The problem with constantly pushing yourself to breaking point, is that you’re constantly disappointed when you break.

Ever strive so hard to keep yourself busy, to keep yourself functional and ‘alive’? To keep forgetting? To keep running.  Keep. Running. Keep. Running.

My hand scrawls across the paper vigorously and the word ‘run’ repeats over and over again. I keep running, I keep panicking. To scared to even look at what is behind me. I am lost in that word, I am lost in the spaces between the letters and I hide there; nobody can see me.

I keep running and I keep hiding.

Keeping busy can be good. People are always telling you to do it. ‘Just keep yourself busy’ ‘Don’t think about it’ ‘Try not to think about it’. Have you ever tried NOT to think about something? What a strange paradox, surely any attempt to not think of something is only going to lead to more thoughts about that same subject.

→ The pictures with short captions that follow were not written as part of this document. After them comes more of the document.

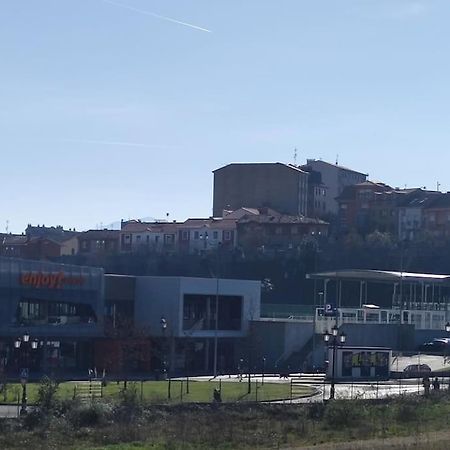 Atico Mirador Del Naranco, Parking Gratuito, Wifi, Zona Residencial Appartement Oviedo Buitenkant foto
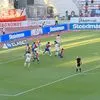 Πρώτη καλή στιγμή για τον Ολυμπιακό: Κόρνερ του Τσικίνιο, κεφαλιά ο Ζότα Σίλβα, απέκρουσε ο Σιαμπάνης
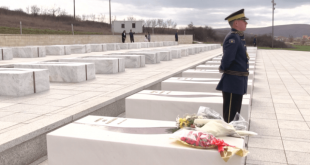 Sot në Prekaz, po nderohet vepra dhe heroizmi i Kryekomandantit të UÇK-së, Adem Jashari, i të rënëve dhe çlirimtarëve të Kosovës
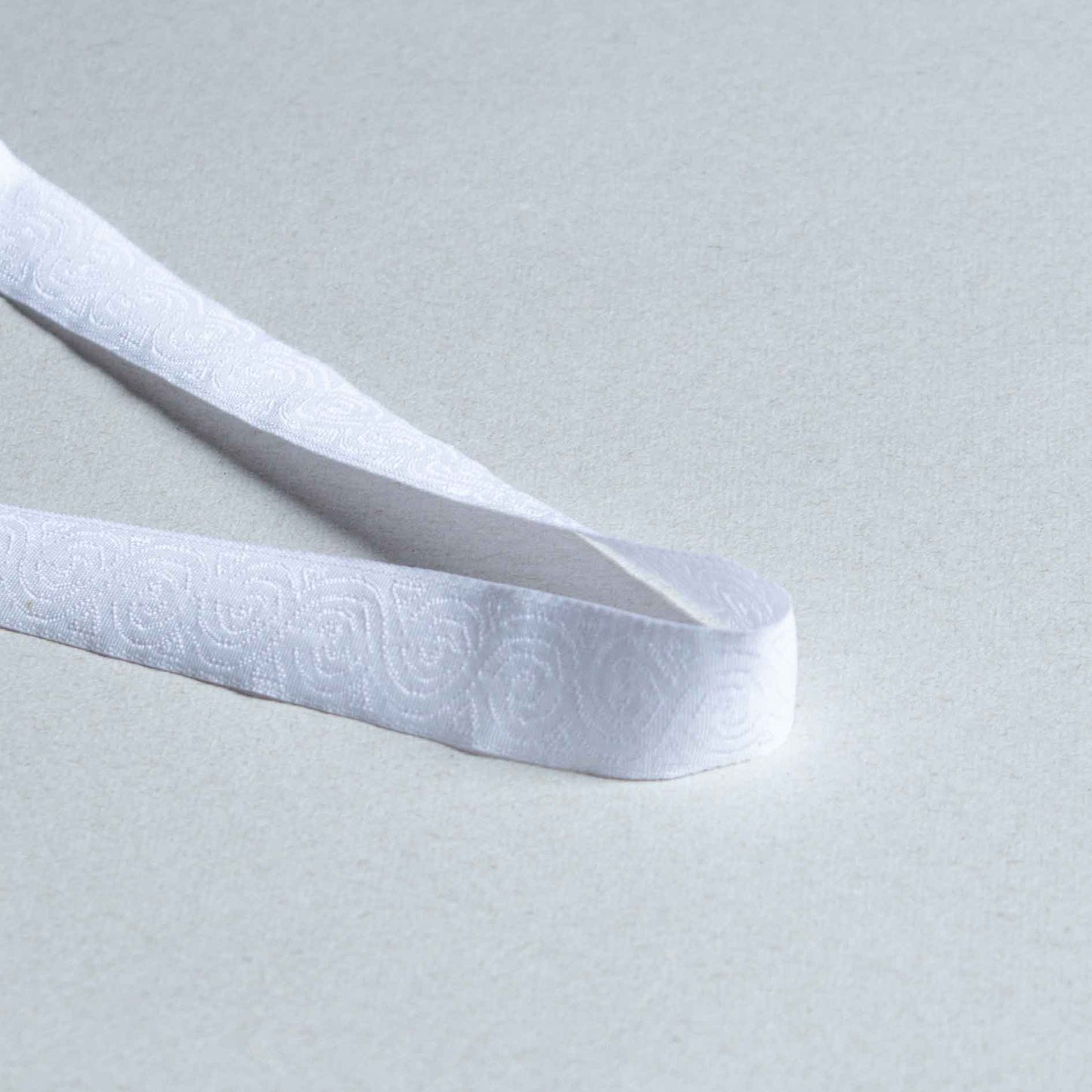 Band - Tyg Band Vit Cirkelmönster 28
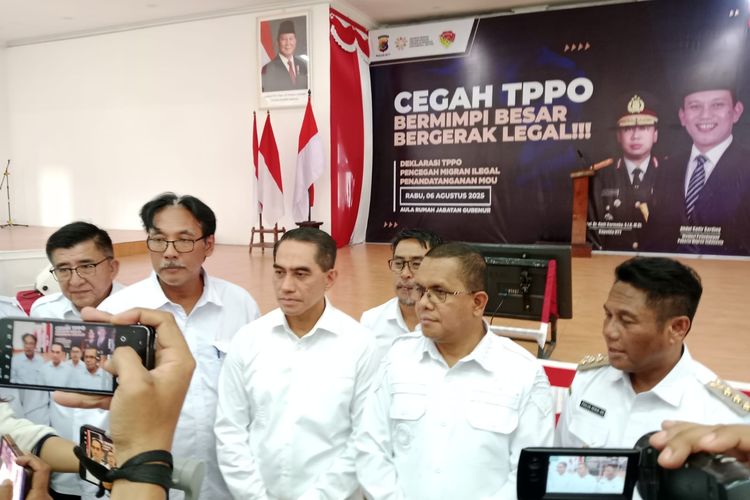 kenaikan pangkat Polri, Pati Polri naik pangkat, pati Polri naik pangkat 2025, Komjen Dwiyono, profil Komjen Dwiyono, Profil Komjen Dwiyono, Sekjen Kementerian P2MI yang Naik Pangkat Jadi Bintang Tiga, Karier dan Latar Belakang Pendidikan, Pendidikan dan Prestasi Akademik, Kenaikan Pangkat dan Apresiasi Polri, Peran Strategis Komjen Dwiyono di Kementerian PPMI, Angkatan Akpol 1994 Kembali Bersinar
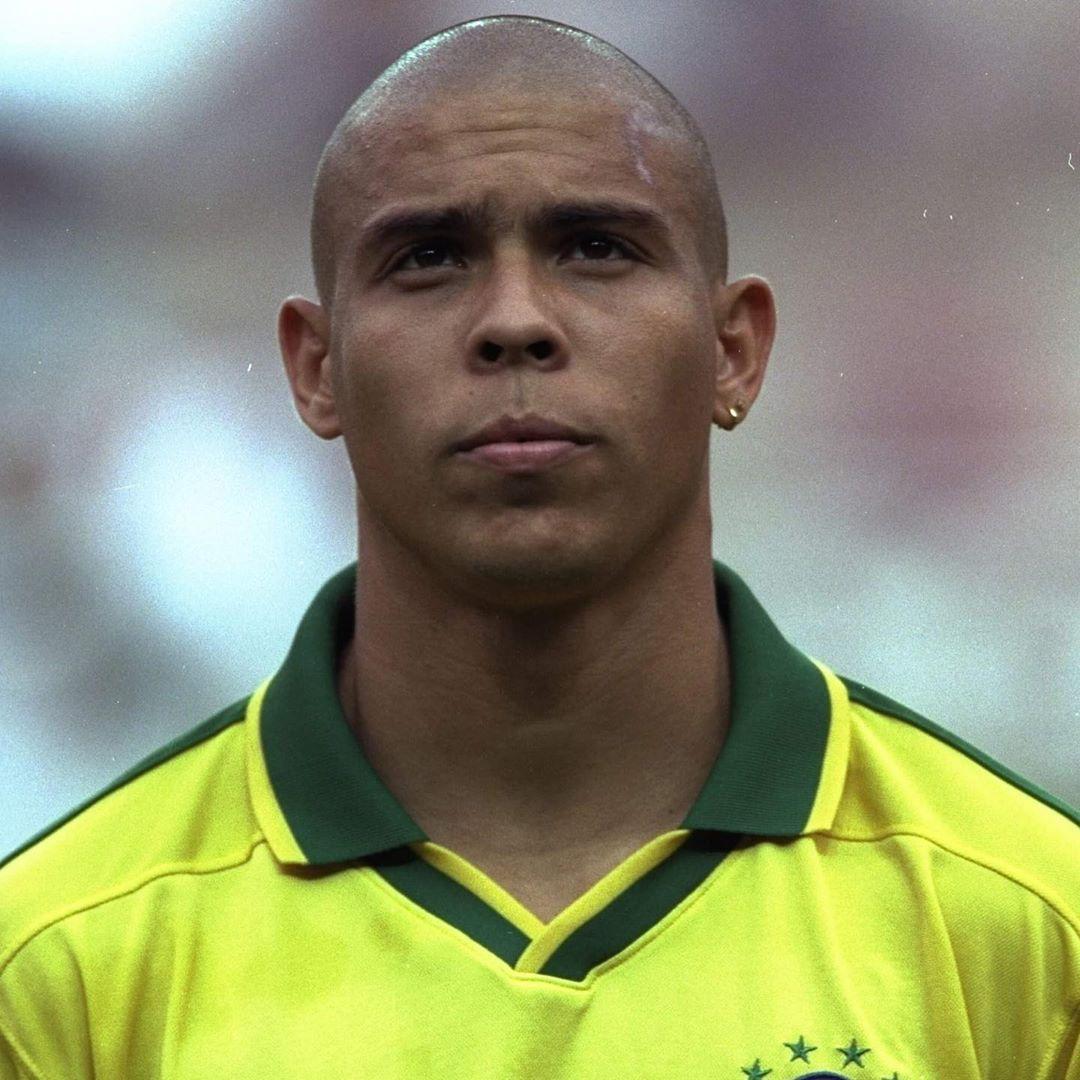 巴西队十大传奇球星,巴西队最伟大的9号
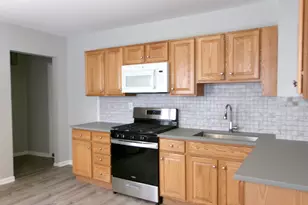 858 Hope St, Stamford, CT 06907 - Photo 9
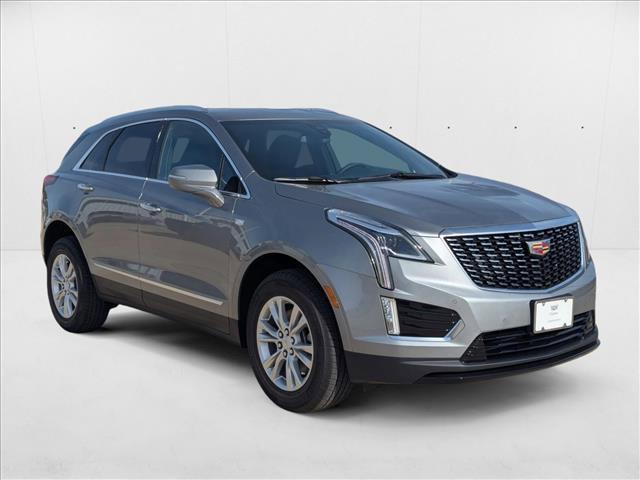 new 2025 Cadillac XT5 car, priced at $45,215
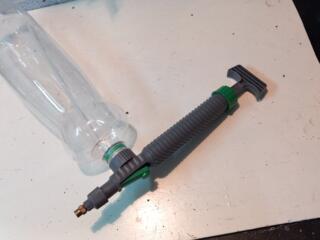 Опрыскиватель, насадка для опрыскивания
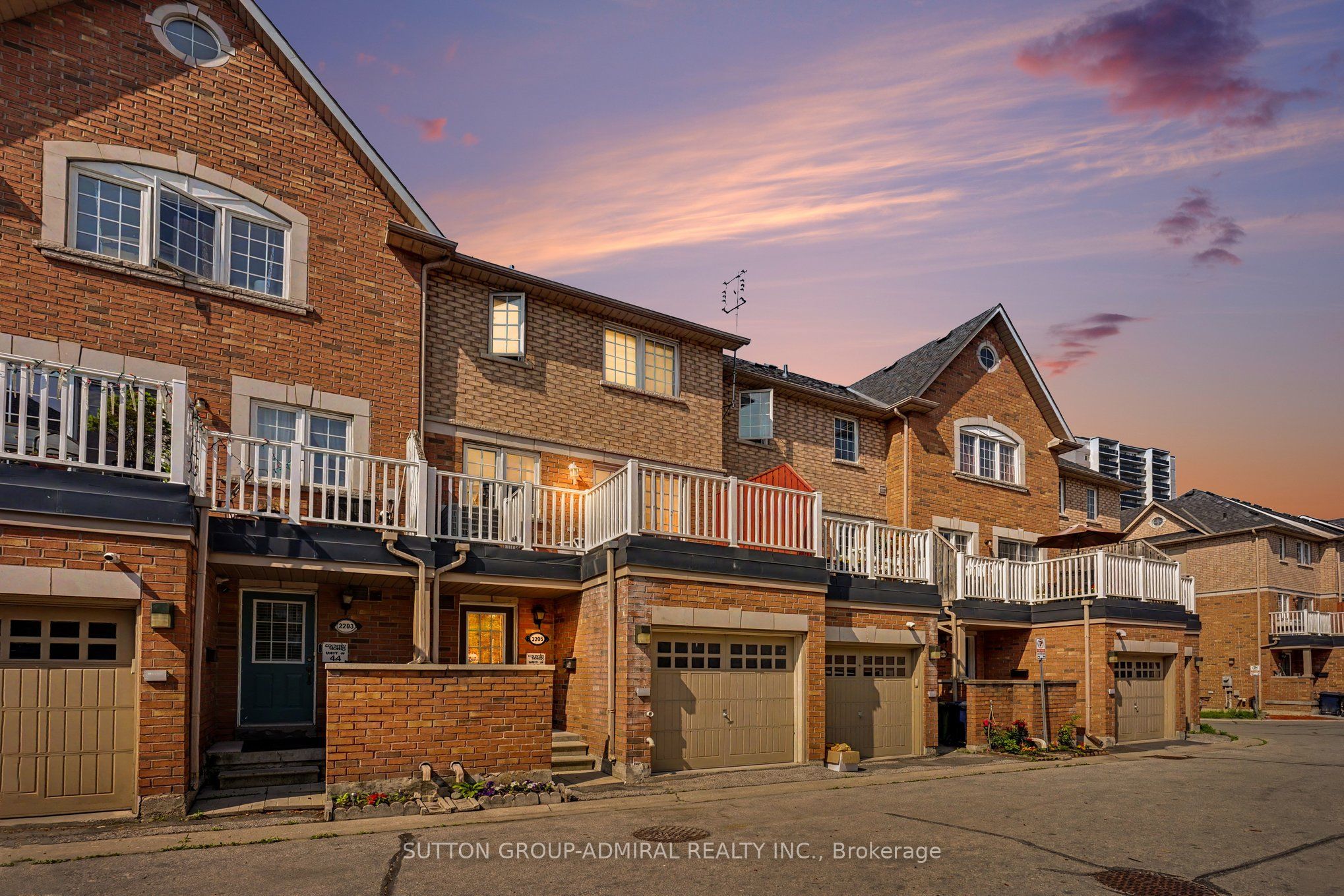 2205 Weston Road 45, Toronto, ON M9N 4A1 photo 2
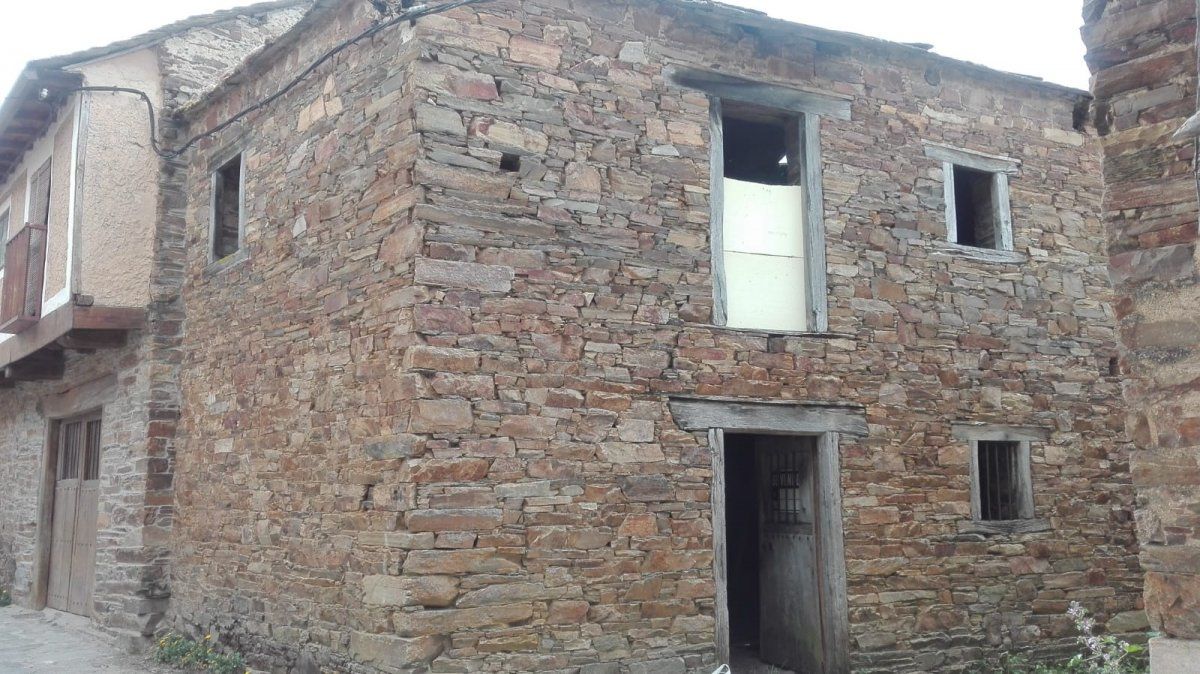 Vista exterior de Casa o chalet en venta en Ponferrada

One of the things I have found, though, with keeping yourself busy is it seems to have a bit of an endless snowball effect. Whereby you start to dust yourself in a light covering of snow and think ‘I won’t look at me, that’ll do. That light covering hides it all.’ And then the next day, you patch up the sections that have melted a little. You start to feel paranoid, like people can see your colours through the white dusting of snow. Slowly, you add more and more. You roll and you roll until you are so big and covered in so much snow you have no idea who is underneath any more; not even the faintest flicker of colour seeps through. At first, you thought this was what you wanted. To hide, to hide from everyone. But now you realise you’ve even hidden from yourself. You’re buried. But by this stage, you are so catastrophically encased you can no longer move to fight your way out.

So you are stuck there. Forever? Can you thaw out? Can you do it alone? You got yourself there, didn’t you? Can you get yourself out? Or does it take somebody else to pull you out?

What a hell to be trapped in side the case we made for ourself to be hidden in.

You cannot keep yourself busy forever. You cannot hide forever. You cannot run forever. Its implausible. Someday you might have to face up to things. Someday you might have to stop in your tracks, to look at the footprints that chase you there. You might have to turn around and walk back up those some tracks and retrace them. Look for what’s chasing you. You may find that the footprints that followed you stopped a while back, and it has just been a set of feet identical to yours you’ve been running from since.

Remember your self affirmations: you are not bad, you have done the best you could in the situation you were in. Remember that snow is beautiful, but that you are beautiful beneath too.

Don’t face things alone. Don’t be disappointed in yourself.

Accept your own footprints for what they are, you took that path for a reason.